3.1 Reinforcement learning.

We consider a standard RL framework where an agent interacts with an environment in discrete time RichardSutton1988ReinforcementLA . Formally, at each timestep $t$ , the agent receives a state $\mathbf{s}_{t}$ from the environment and chooses an action $\mathbf{a}_{t}$ based on its policy $\pi_{\phi}$ . In traditional RL, the environment also returns a reward $r(\mathbf{s}_{t},\mathbf{a}_{t})$ . The return $\mathcal{R}_{t}=\sum^{\infty}_{k=0}\gamma^{k}r_{t+k}$ is the discounted sum of rewards from timestep $t$ with discount factor $\gamma\in(0,1]$ . RL then maximizes the expected return $\mathcal{R}_{0}$ with respect to $\pi_{\phi}$ .

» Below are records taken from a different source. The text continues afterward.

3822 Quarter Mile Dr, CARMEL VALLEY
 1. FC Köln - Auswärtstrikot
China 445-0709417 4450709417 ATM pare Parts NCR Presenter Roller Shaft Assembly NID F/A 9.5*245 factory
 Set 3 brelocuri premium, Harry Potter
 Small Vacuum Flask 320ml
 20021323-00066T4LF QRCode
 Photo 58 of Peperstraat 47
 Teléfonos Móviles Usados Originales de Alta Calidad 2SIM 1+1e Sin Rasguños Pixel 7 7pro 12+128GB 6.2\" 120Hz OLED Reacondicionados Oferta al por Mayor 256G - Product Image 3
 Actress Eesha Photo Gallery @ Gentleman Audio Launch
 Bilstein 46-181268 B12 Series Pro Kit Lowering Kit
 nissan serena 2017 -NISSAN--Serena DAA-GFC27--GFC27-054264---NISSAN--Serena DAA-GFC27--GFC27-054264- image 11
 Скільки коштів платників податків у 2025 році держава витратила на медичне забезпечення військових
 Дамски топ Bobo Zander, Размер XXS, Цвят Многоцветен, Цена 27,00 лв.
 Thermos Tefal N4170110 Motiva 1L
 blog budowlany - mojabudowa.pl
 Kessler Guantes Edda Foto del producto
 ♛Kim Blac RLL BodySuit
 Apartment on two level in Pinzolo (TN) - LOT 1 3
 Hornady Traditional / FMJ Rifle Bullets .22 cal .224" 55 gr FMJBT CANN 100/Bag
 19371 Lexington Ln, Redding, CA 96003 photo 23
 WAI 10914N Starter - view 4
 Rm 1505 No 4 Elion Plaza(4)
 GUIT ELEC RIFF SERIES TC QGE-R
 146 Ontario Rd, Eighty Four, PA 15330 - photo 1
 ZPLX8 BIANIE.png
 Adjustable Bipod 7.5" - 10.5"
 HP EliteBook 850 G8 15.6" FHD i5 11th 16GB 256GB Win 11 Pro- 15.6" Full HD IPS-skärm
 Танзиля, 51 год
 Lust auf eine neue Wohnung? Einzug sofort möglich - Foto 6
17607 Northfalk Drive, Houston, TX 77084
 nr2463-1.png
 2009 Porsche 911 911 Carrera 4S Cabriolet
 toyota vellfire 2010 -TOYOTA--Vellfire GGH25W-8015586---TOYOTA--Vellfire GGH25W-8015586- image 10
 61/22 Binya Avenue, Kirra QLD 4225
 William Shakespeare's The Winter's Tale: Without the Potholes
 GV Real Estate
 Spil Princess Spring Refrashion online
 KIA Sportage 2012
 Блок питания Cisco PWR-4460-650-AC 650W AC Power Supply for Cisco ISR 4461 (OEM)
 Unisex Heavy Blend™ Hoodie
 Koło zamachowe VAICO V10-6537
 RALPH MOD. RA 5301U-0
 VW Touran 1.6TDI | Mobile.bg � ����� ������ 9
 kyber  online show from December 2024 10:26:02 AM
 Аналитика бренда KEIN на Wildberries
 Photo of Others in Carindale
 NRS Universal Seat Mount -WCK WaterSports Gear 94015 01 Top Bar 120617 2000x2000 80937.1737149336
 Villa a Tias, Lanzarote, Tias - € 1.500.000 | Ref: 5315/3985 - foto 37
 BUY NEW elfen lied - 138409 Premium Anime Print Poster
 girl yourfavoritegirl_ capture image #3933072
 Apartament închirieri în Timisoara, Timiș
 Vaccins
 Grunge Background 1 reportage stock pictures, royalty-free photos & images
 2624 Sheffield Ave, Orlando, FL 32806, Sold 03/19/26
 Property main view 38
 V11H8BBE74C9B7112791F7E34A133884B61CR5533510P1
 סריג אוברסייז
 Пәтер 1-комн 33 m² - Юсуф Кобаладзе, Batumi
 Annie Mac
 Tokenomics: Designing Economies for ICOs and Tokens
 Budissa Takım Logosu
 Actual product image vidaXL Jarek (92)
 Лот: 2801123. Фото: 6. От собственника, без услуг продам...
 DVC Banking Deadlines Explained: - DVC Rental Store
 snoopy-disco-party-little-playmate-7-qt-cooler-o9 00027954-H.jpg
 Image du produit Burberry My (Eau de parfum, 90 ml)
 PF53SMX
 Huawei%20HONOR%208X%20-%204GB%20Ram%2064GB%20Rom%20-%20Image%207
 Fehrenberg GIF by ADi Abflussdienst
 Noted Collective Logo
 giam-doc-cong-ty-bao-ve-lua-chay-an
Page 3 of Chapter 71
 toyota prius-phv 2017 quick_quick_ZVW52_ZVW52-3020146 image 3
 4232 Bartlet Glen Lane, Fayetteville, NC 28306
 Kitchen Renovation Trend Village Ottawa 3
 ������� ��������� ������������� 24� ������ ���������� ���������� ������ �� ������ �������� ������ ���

3.2 Preference-based RL (PbRL).

However, for many complex domains and tasks, it is difficult to construct a suitable reward function. We consider the PbRL framework, where human provide preferences between two behavior segments and then the agent trains under this supervision PaulFChristiano2017DeepRL ; BorjaIbarz2018RewardLF ; KiminLee2021PEBBLEFI ; JanLeike2018ScalableAA ; KiminLee2021BPrefBP . In this work, we follow the classic framework to learn a reward function $\widehat{r}_{\phi}$ from preferences, where the function is trained to be consistent with human feedback AaronWilson2012ABA ; PaulFChristiano2017DeepRL . In this framework, a segment $\sigma$ is a sequence of states and actions $\{\mathbf{s}_{h},\mathbf{a}_{h},\dots,\mathbf{s}_{h+H},\mathbf{a}_{h+H}\}$ . Transitions $(\mathbf{s}_{t},\mathbf{a}_{t},\mathbf{s}_{t+1})$ are stored in a replay buffer $\mathcal{B}$ , and we sample segments $\sigma$ from $\mathcal{B}$ . Then, we elicit preferences $y$ for segments $\sigma^{i}$ and $\sigma^{j}$ . More specifically, $y$ indicates which segment is preferred, i.e., $y\in\{0,1,0.5\}$ , where $0$ indicates $\sigma^{i}\succ\sigma^{j}$ (the event that segment $\sigma^{i}$ is preferable to $\sigma^{j}$ ), $1$ indicates $\sigma^{j}\succ\sigma^{i}$ ( $\sigma^{j}$ is preferable to $\sigma^{i}$ ), and $0.5$ implies an equally preferable case. The judgment is recorded in a dataset $D$ as a triple $(\sigma^{i},\sigma^{j},y)$ .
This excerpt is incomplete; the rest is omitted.